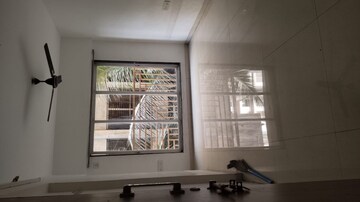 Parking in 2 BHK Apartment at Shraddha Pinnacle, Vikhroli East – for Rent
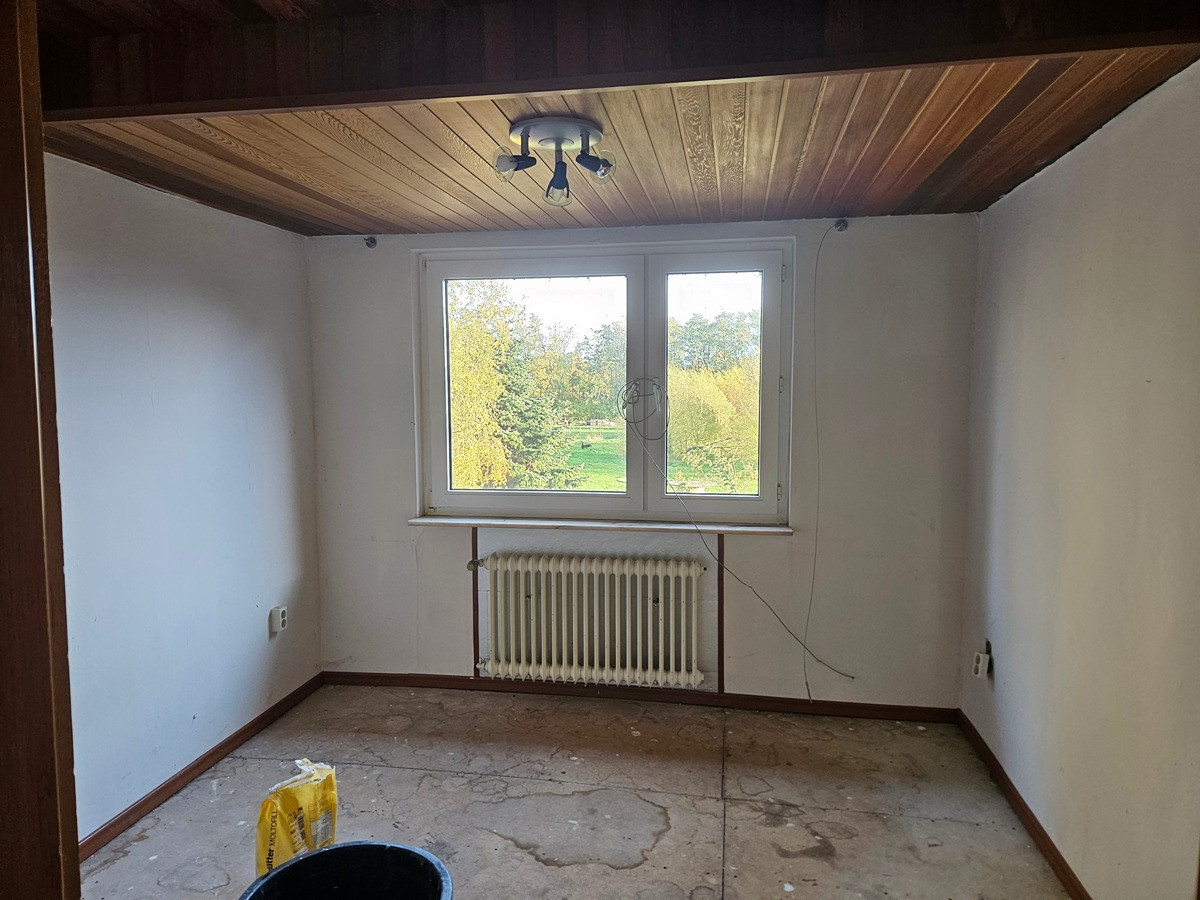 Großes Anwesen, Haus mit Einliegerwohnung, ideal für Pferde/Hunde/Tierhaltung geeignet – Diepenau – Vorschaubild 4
====
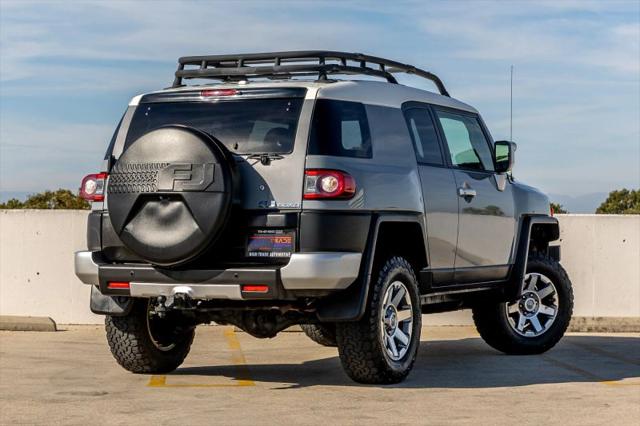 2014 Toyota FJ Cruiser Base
====
▶ [Exercise]: In the entries above, find the line containing "Parking in 2" and the line containing "Großes Anwesen, Haus"; give again exactly those two lines and every line between them, minus the pictures.

▶ [Response area]:
 Parking in 2 BHK Apartment at Shraddha Pinnacle, Vikhroli East – for Rent
 Großes Anwesen, Haus mit Einliegerwohnung, ideal für Pferde/Hunde/Tierhaltung geeignet – Diepenau – Vorschaubild 4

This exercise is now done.